US companies in Saudi Arabia face a fight for survival

Boom times in Saudi Arabia have come to an end. As the Saudis confront the problem of how to live within their reduced income , some American companies are asking if there is any longer much of a future for them in the kingdom.

Doing business in Saudi Arabia, even in the best of times, is tough. The difficulty of operating within a starkly alien culture is sometimes more exhausting than the heat, dust, and occasional long hours.

According to Western economists, there is still money to be made in Saudi Arabia's maturing economy. But the size of the business deals and the margin of profit will be smaller than in the soaring 1970s. What concerns American trade officials here is that US firms may not be willing to fight for survival in the ever-growing jungle of Saudi laws and customs.

The days of big construction when entrepreneurs received massive sums on starting up giant building projects has passed with the oil glut. The number of construction projects began to decrease in mid-1982, with a further decline of 21 percent on new contract awards in the first four months of 1983.

On the projects that are being let, contractors are faced with fierce competition and new government regulations designed to protect Saudi nationals. There is evidence that Saudi Arabia achieved its 15 percent decline in public spending in fiscal 1982-83 by reducing the number of new projects, canceling ongoing projects, tightening government contract conditions, and delaying payment on work already performed.

The contractors most severely hit are those building the industrial cities of Jubail and Yanbu. Considered dream projects even by Saudi Arabia's economic planners, the industrial cities were designed to take advantage of Saudi Arabia's cheap energy costs and byproducts of oil production.

Some of the planned projects are considered expendable or can be delayed indefinitely.

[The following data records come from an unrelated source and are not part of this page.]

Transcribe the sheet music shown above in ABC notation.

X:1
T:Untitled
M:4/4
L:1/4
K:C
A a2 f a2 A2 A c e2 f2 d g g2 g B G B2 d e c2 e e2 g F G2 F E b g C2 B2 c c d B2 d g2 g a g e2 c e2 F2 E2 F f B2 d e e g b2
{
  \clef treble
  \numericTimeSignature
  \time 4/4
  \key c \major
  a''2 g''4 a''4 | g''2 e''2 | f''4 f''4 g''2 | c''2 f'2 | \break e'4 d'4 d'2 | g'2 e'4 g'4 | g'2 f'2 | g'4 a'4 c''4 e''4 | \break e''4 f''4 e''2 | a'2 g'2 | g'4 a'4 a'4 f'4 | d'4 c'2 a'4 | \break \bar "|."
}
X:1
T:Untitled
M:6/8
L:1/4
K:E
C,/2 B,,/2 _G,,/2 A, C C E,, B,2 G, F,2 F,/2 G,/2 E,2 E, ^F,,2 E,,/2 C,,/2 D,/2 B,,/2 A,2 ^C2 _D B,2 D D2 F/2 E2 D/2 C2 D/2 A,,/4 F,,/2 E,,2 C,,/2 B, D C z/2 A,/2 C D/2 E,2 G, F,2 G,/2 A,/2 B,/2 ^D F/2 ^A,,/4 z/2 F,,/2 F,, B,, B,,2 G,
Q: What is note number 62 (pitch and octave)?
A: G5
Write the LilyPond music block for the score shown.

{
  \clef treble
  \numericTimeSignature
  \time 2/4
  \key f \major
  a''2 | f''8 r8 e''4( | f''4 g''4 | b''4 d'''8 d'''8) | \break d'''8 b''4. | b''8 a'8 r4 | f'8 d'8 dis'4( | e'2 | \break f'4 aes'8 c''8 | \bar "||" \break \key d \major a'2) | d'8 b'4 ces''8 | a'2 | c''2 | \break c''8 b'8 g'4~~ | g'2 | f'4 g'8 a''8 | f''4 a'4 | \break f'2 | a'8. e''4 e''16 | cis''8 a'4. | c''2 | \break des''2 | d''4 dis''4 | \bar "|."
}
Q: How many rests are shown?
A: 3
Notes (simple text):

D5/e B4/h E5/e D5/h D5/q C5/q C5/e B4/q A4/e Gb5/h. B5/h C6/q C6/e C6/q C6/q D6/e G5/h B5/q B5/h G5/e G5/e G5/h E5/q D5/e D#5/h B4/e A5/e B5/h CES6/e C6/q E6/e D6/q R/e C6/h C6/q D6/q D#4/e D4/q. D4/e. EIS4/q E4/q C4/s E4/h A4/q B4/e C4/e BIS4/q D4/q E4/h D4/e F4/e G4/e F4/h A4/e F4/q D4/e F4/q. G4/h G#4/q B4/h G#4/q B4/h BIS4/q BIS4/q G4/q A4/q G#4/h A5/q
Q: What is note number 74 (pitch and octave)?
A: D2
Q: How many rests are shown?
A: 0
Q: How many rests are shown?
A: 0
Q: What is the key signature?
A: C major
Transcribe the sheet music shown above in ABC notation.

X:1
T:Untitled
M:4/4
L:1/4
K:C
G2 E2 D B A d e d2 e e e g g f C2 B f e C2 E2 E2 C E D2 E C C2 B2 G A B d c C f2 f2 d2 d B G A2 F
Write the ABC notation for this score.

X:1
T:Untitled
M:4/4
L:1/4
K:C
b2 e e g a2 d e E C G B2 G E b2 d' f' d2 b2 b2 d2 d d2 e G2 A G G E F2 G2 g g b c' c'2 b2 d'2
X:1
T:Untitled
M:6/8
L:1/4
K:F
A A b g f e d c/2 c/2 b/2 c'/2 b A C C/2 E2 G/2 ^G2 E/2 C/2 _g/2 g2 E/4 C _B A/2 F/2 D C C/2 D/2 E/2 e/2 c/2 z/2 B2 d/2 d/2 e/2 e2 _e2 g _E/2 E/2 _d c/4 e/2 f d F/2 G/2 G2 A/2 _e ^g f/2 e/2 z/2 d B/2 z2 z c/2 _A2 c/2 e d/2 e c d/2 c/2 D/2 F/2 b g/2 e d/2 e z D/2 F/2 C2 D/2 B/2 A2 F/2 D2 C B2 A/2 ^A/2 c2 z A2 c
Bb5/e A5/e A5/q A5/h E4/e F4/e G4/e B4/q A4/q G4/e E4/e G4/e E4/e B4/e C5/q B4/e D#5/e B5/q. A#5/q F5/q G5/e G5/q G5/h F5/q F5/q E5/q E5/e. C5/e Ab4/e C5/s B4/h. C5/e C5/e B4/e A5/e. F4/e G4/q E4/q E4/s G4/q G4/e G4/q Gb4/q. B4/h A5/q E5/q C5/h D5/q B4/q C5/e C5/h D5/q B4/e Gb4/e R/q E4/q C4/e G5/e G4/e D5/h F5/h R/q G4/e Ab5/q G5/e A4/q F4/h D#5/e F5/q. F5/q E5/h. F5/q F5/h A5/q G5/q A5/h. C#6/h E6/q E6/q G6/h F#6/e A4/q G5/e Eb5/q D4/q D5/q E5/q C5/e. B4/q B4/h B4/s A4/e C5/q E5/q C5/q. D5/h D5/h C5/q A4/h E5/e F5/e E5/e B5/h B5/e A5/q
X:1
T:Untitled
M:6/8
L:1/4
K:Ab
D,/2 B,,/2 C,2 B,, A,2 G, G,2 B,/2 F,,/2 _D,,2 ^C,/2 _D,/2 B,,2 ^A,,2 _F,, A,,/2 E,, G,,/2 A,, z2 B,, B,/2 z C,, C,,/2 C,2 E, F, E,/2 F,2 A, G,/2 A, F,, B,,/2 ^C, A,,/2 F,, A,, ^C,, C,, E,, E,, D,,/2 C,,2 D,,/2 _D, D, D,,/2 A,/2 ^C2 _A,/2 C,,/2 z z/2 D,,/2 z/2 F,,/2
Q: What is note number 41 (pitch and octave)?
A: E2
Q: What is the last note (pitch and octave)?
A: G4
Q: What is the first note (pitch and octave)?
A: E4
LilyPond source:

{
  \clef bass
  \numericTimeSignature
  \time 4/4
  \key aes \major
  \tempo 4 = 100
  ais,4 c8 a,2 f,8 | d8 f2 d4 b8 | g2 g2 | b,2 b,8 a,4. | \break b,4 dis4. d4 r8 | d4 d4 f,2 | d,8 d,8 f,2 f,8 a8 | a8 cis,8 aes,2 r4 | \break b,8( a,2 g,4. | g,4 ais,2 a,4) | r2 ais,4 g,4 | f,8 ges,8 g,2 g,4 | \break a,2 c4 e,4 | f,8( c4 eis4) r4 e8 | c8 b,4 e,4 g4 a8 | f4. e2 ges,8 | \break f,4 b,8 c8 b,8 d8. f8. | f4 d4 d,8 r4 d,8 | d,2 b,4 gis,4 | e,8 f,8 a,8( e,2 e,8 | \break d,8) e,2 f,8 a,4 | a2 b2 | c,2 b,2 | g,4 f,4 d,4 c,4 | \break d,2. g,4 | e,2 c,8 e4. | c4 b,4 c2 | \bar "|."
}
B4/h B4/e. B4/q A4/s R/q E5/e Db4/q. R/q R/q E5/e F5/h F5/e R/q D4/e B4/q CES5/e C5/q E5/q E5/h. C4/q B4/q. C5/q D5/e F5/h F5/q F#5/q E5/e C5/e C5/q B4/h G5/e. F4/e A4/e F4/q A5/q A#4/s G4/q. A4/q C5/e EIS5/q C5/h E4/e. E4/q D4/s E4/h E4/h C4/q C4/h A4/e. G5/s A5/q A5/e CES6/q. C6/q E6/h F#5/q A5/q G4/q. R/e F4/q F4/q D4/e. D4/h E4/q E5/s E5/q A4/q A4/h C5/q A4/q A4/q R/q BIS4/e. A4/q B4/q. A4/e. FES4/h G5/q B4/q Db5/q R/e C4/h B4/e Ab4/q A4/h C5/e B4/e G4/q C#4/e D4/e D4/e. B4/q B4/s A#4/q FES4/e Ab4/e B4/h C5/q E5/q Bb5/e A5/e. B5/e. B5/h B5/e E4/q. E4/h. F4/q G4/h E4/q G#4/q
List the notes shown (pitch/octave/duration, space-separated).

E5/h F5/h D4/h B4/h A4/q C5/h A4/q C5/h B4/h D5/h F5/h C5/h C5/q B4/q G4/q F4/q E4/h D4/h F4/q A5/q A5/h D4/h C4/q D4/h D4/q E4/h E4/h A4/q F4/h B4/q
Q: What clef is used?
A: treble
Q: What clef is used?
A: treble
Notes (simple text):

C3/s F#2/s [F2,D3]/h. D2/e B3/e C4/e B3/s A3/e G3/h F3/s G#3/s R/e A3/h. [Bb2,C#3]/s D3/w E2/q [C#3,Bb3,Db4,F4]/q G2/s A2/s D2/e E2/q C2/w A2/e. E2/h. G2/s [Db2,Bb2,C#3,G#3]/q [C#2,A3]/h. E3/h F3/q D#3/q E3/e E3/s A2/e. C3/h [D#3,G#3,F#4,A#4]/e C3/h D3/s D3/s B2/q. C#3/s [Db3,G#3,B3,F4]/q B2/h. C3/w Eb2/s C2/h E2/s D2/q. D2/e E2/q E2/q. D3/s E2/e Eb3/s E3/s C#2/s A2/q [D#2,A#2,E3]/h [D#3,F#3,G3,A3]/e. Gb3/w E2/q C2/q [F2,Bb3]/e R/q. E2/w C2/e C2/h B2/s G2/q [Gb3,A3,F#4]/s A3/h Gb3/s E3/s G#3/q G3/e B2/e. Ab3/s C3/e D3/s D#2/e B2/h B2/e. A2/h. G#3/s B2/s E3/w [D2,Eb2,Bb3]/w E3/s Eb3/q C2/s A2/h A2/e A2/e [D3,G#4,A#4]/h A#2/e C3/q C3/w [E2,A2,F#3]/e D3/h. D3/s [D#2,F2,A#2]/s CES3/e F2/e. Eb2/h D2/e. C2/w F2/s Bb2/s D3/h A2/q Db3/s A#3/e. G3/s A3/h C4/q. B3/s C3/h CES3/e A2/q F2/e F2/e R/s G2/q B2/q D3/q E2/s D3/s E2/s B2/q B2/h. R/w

According to an employee of the Royal Commission for Jubail and Yanbu, which is managing the projects for the government, the commission has been ordered to make a total evaluation of the entire enterprise and to cease letting contracts for anything nonessential. In addition, projects less than 50 percent complete are to be stopped.

A recent meeting of American businessmen in Al-Khobar organized by the US consulate was dominated by complaints about the failure of the royal commission, particularly, to pay its outstanding debts.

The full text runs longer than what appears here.